I was just wondering what you guys think would make a guy notice you. I like this one guy (i already told him) and i dont know if he notices me. my friends say that he looks at my butt. but i dont know if he was. How do you get a guy to notice you? i really want him to notice me, i just dont know what to do. plz, i need your advice on this.

~Sweet_stormy~

Kater
11-10-2003, 02:58 PM
I would suggest talking to him and making an effort to get to know him better. I think you probably want him to like you for more than just your butt! :o

Soledad
11-10-2003, 03:19 PM
Be yourself. If that's not enough for him, he's a loser.

primabella
11-10-2003, 03:23 PM
Well do you want a guy noticing you or your butt? Lol. :o

Soledad is right. I have liked plenty of guys but if I'd have to change myself to impress them then...screw it. :D Maybe if you talk with him more, see if you have things in common...if you have certain qualities that are appealinig (sense of humor ect) I would try to sort of show them off. But don't go out of character or anything...

*sigh* Me giving guy advice...go figure. ;)

2kitties
11-10-2003, 03:24 PM
Honestly, and I mean this, just be outgoing and friendly. A guy will "notice" you for a lot of things. But the trick is getting them to notice you for the reasons you want!;)
I think it is just important to be kind, friendly and fun. Don't try to be scared or play silly games. Just be yourself and have conversation and be interested in what he has to say. That will get you far.

wolfsoul
11-10-2003, 03:29 PM
I say being outgoing is the best way to get a guy's attention.
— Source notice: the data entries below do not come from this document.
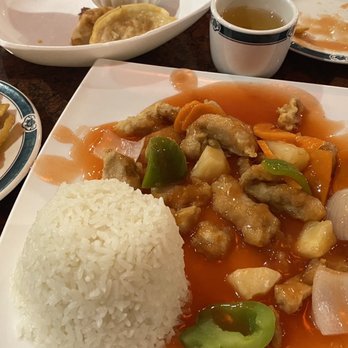 Yen Ching - Sweet and sour pork, potstickers, spring roll and tea. - A plate of sweet and sour pork with rice, accompanied by a spring roll, potstickers, and a cup of tea at a Chinese restaurant. - Chinese Near Me - Ozark, Missouri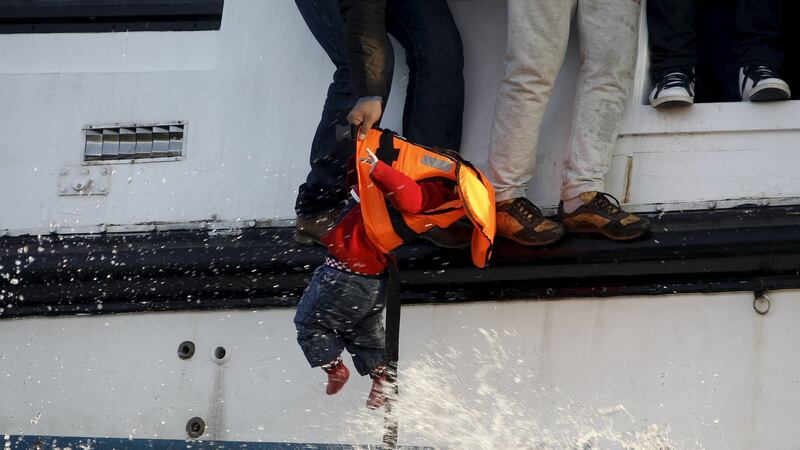 A refugee prepares to hand over a toddler to a volunteer lifeguard off Lesbos. Photograph: Giorgos Moutafis/Reuters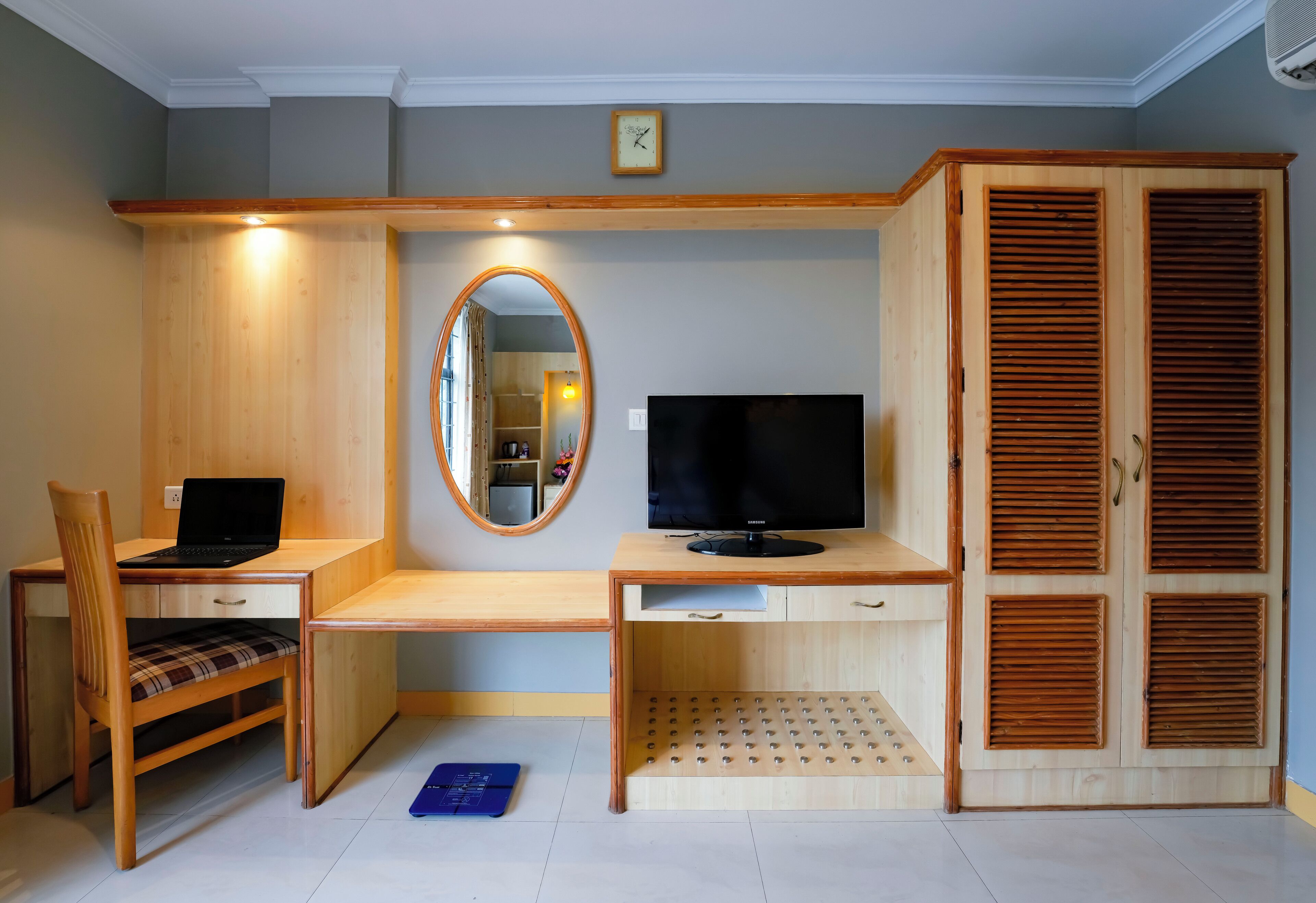 Una habitación con un escritorio de madera, una silla, un televisor, un espejo y un armario.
Unfotunatly for me, I can only be outgoing when I have a friend around, or if I have been around him with my friend in the past. :o

momofcats
11-10-2003, 03:42 PM
I am going to be the party pooper here.
Last month you questioned about it being ok to date an older guy. Date...depends on the age, people, maturity....sex not ok.

I just want to make sure (being a mom of a 14 year old) that we are not talking about this again...don't want to give you advice on how to get this "older guys" attention.

2kitties
11-10-2003, 03:48 PM
Originally posted by momofcats
I am going to be the party pooper here.
Last month you questioned about it being ok to date an older guy. Date...depends on the age, people, maturity....sex not ok.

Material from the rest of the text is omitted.